Dacey's throat tightened. She had not cried since she was very small. She did not now. She breathed past the ache and stood.

"Need changes its clothes," Maple said. "It does not vanish. Your She-Wolf will still require hands. Some days to catch. Some days to steady. Some days to clap when no one else dares. You will know which, if you keep your eyes honest."

Dacey said nothing for a time. Then, she swallowed. "She is the one I… care for."

"Then your work is simple," Maple said. "Stand where she can find you."

Maple touched Dacey's sternum with two fingers. "Dacey Bearblood," she said, and the name felt less like a title and more like a truth finally spoken in the open. "You should put a vow under a root. Not to the isle. To yourself."

"To what end."

"So you do not go hollow when no one is looking."

Footsteps rustled in the brush. Howland came through a stand of saplings, a lizard peeking from his hair as if it owned the spot. He nodded to them both.

"I've been sent to retrieve you, Dacey," he said. "Thistle says Lyanna is done for the day with archery. She needs her sparring partner."

On the way back she passed Winter dozing near Grandmother's trunk. Lyanna sat a little further on with an unstrung bow across her knees.

Dacey continued past her to Grandmother's nearest root. She went to one knee and laid her palm on the bark. It was warm.

She did not make a speech. She spoke plain.

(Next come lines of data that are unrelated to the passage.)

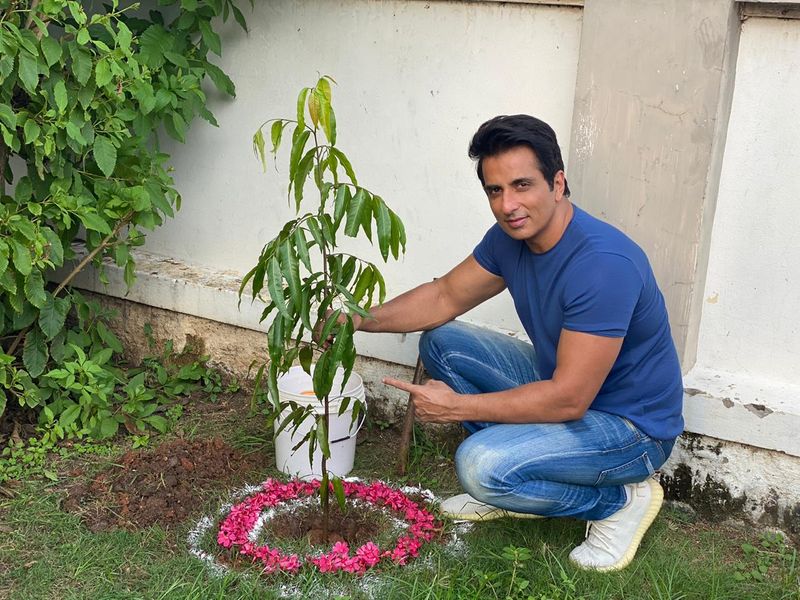 sonu sood got rare un award for his unlimited servies in lockdown time arj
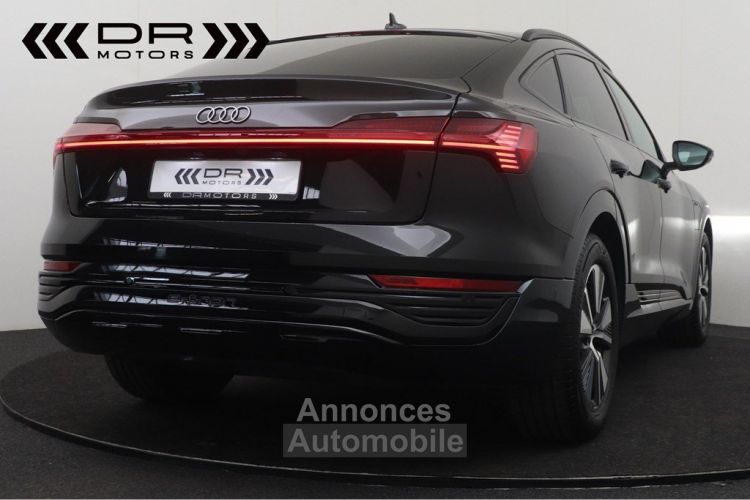 Audi Q8 e-tron 55 SPORTBACK QUATTRO ADVANCED - LEDER NAVI KEYLESS 12.529km!!! - <small></small> 64.995 € <small>TTC</small> - #2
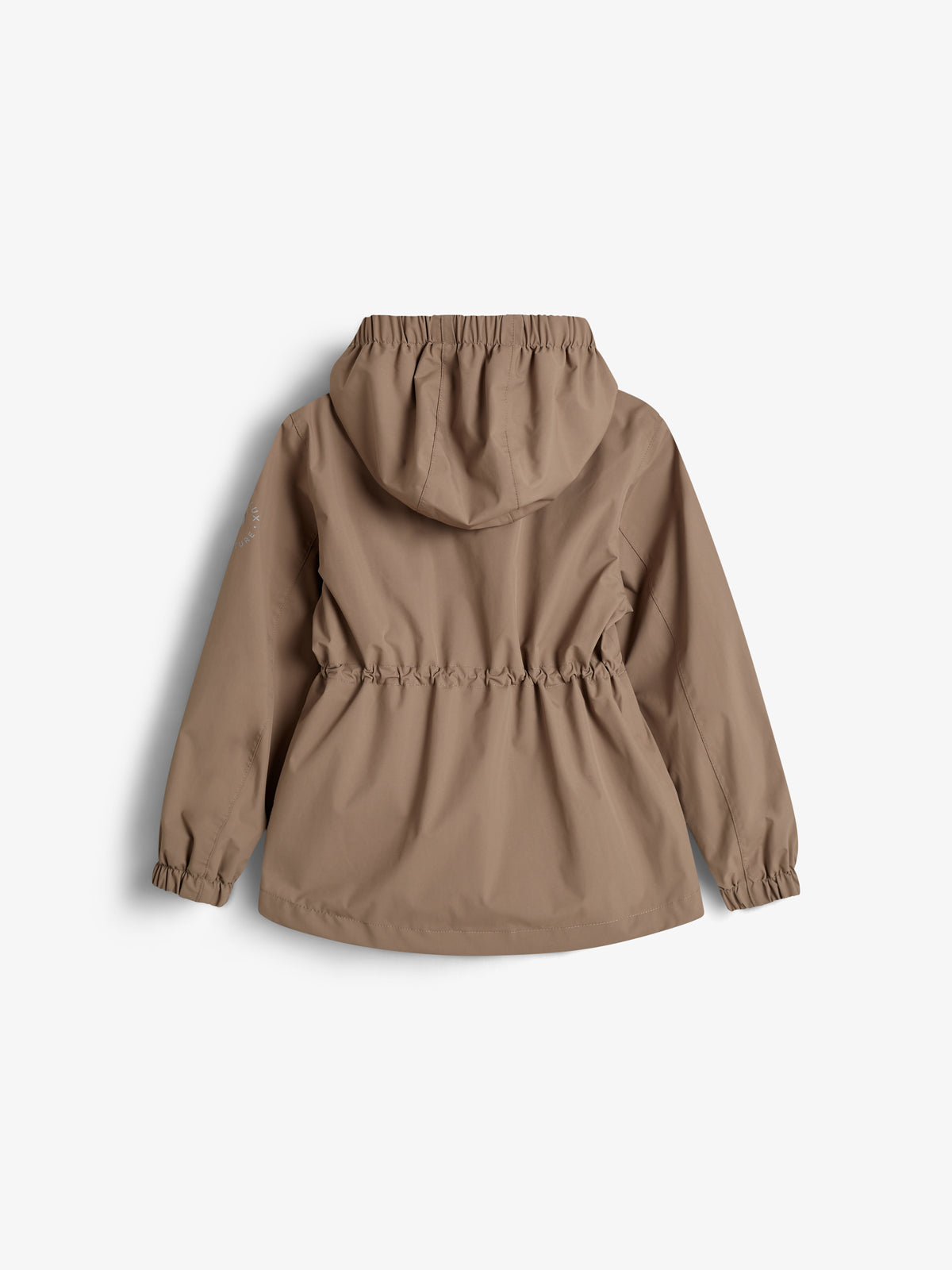 Eine braune Jacke mit Kapuze liegt flach ausgebreitet. Die Jacke hat elastische Bündchen an den Ärmeln und einen dezenten, elastischen Kordelzug an der Taille. Der Hintergrund ist weiß.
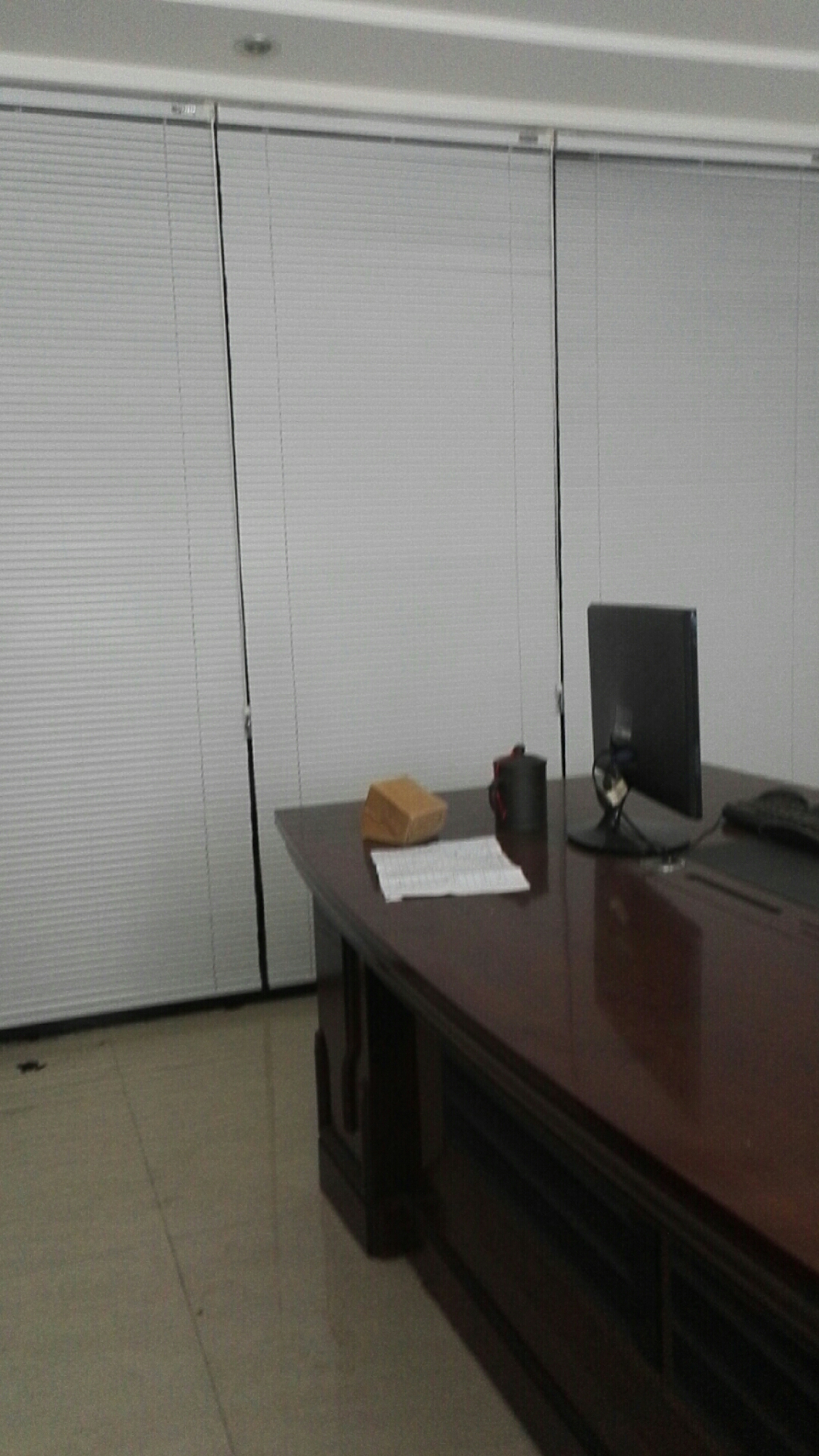 宜君家居百葉簾,宜君家居電動(dòng)窗簾,宜君家居臺(tái)布、椅套,湖南宜君家居有限公司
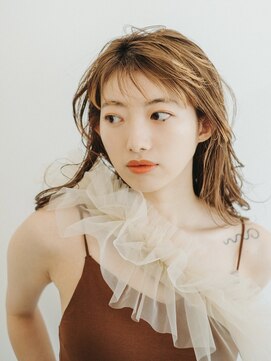 ユッカ 梅田(YUCCA) 【 YUCCA 】大人可愛い20代30代40代こなれミディ/うざバング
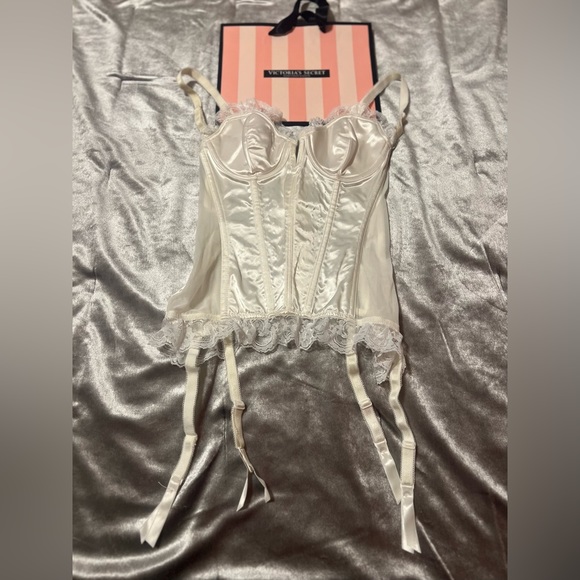 Victoria’s Secret lace/ silky mesh white bustier corset - Picture 10 of 13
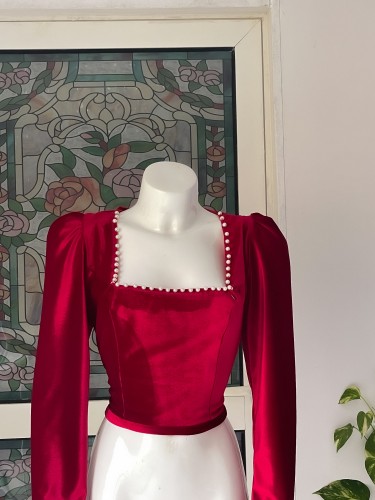 Red pearl top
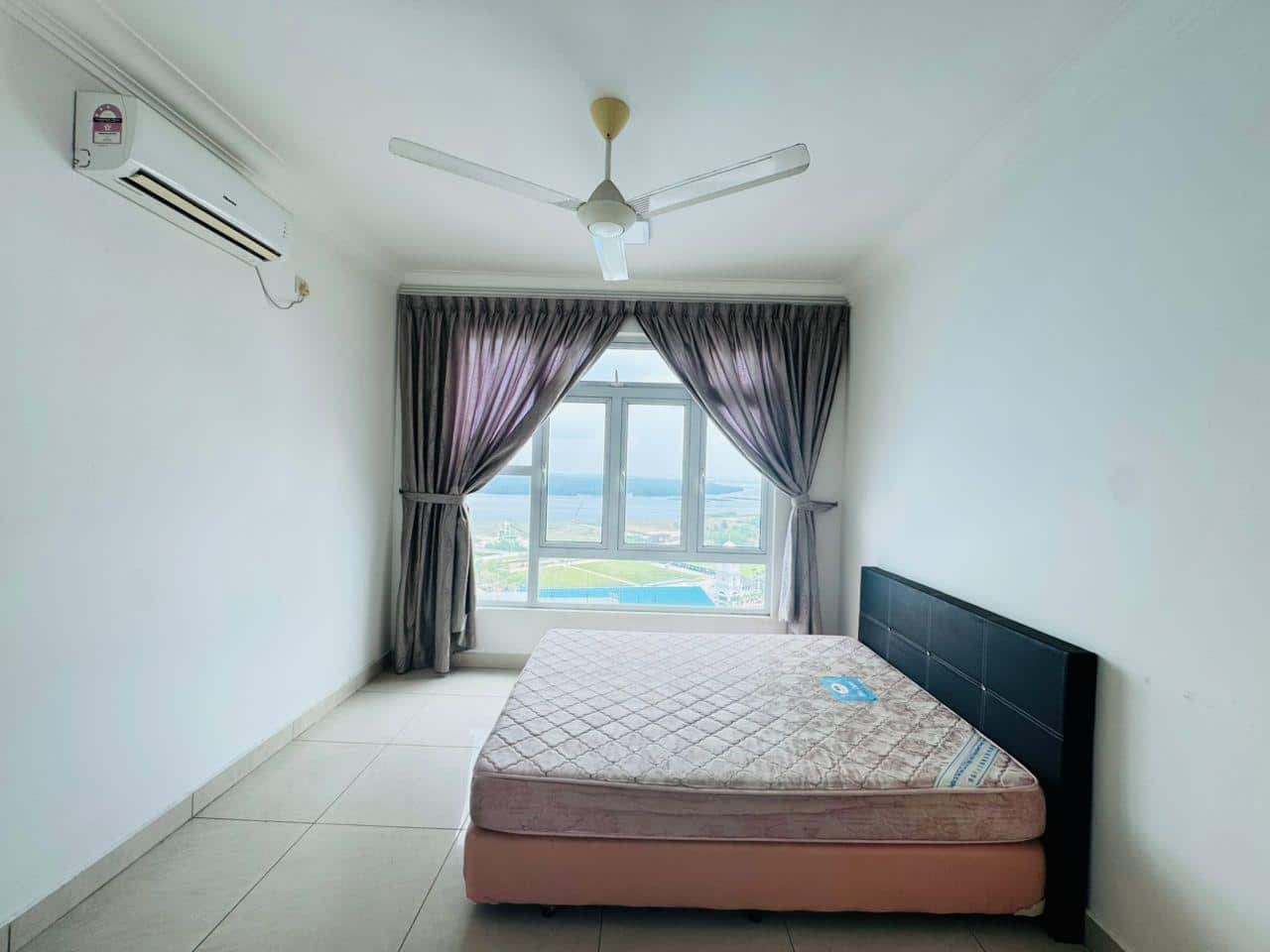 Condo Golden Sands Seaview 3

"I am Dacey Mormont," she said. "I keep my word. I will stand where Lyanna can find me. I will be the first body between her and what means to break her. When she does not need a shield, I will be a witness. When she needs a smile at her back, I will have it ready. This is not a duty. It is a choice I make with my whole self. I will keep it until I cannot stand."

She stayed for a breath longer, letting the vow settle. Then she rose and returned to Lyanna's side.

Lyanna leaned her head briefly against Dacey's shoulder. "Thank you," she said, quiet enough that only Dacey could hear. "For this. For before. For after."

Dacey did not answer with words. She turned her hand and laced their fingers for a moment, strong and sure, and then let go. The purpose that had gone missing in the morning had found its place again. It was a path. And she knew how to walk it.